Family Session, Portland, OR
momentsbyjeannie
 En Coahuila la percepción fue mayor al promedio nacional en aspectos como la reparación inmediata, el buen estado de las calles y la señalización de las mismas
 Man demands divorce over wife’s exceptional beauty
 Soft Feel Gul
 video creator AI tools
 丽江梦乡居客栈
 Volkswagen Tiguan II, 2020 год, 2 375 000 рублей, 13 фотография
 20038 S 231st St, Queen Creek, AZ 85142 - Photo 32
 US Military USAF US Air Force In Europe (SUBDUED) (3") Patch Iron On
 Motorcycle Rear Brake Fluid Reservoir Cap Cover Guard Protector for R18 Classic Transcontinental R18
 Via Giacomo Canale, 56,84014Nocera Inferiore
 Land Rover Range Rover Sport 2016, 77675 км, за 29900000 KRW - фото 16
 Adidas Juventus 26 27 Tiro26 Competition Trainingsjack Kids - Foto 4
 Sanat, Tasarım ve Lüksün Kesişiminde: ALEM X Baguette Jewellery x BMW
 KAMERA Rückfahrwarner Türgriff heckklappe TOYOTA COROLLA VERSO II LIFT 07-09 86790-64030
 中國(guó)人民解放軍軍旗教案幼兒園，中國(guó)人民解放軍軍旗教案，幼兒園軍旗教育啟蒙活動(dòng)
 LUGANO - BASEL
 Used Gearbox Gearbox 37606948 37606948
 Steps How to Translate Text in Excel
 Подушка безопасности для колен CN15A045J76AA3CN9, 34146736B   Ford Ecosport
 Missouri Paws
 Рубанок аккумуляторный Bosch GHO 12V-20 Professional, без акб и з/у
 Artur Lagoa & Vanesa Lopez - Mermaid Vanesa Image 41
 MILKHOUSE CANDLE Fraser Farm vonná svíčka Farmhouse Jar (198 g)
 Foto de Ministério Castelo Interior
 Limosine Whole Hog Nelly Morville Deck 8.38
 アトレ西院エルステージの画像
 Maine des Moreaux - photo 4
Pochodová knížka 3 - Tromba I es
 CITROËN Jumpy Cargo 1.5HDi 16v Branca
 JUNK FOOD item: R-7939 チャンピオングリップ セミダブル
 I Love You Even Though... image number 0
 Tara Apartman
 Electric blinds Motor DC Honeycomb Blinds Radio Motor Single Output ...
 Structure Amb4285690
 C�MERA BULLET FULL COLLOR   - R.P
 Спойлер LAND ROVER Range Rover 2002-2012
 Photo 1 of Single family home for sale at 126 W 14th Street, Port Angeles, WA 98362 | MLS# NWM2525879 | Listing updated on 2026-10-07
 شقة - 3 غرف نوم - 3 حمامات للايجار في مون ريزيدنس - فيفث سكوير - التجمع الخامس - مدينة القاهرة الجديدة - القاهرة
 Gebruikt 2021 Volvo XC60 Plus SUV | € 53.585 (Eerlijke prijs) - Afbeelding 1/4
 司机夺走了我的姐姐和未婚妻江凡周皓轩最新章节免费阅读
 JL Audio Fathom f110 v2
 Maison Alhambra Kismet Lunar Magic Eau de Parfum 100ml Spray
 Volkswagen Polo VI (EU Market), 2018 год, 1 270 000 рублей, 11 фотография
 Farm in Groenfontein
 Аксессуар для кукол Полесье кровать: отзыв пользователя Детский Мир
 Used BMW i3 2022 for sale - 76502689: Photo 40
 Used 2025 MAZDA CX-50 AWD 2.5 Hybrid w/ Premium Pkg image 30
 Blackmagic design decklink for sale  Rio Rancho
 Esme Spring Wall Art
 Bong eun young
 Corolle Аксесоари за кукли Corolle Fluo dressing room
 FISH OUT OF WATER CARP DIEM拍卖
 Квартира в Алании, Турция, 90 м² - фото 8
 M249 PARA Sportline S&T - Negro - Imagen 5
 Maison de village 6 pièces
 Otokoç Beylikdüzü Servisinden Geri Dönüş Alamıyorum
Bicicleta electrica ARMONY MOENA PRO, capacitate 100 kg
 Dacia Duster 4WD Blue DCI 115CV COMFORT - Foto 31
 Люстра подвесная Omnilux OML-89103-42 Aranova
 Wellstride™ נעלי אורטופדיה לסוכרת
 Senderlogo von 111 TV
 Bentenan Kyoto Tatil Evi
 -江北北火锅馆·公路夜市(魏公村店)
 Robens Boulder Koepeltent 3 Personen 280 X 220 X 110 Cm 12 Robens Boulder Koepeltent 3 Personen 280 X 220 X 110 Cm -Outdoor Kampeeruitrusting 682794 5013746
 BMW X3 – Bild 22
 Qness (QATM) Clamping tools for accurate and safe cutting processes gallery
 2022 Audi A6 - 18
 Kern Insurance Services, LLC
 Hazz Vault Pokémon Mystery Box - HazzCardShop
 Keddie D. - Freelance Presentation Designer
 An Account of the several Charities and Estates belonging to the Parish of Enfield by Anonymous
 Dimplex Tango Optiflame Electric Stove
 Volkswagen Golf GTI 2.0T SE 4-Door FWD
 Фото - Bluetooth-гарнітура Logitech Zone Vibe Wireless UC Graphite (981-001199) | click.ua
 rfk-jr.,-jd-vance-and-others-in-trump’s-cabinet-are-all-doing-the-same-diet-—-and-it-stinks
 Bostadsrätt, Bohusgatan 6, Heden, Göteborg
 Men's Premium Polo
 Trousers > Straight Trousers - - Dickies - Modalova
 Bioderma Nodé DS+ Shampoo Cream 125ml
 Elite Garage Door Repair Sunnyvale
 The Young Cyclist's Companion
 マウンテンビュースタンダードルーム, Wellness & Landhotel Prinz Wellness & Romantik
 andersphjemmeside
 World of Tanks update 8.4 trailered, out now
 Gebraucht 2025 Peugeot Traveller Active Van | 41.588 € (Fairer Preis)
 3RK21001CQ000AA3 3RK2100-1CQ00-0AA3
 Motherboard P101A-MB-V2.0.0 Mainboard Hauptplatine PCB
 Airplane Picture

EXERCISE DIRECTIONS
In the entries above, the lines between the one holding "Подушка безопасности для" and the one holding "C�MERA BULLET FULL", inclusive, are to be printed exactly as written, and those alone.

EXERCISE RESULT
 Подушка безопасности для колен CN15A045J76AA3CN9, 34146736B   Ford Ecosport
 Missouri Paws
 Рубанок аккумуляторный Bosch GHO 12V-20 Professional, без акб и з/у
 Artur Lagoa & Vanesa Lopez - Mermaid Vanesa Image 41
 MILKHOUSE CANDLE Fraser Farm vonná svíčka Farmhouse Jar (198 g)
 Foto de Ministério Castelo Interior
 Limosine Whole Hog Nelly Morville Deck 8.38
 アトレ西院エルステージの画像
 Maine des Moreaux - photo 4
Pochodová knížka 3 - Tromba I es
 CITROËN Jumpy Cargo 1.5HDi 16v Branca
 JUNK FOOD item: R-7939 チャンピオングリップ セミダブル
 I Love You Even Though... image number 0
 Tara Apartman
 Electric blinds Motor DC Honeycomb Blinds Radio Motor Single Output ...
 Structure Amb4285690
 C�MERA BULLET FULL COLLOR   - R.P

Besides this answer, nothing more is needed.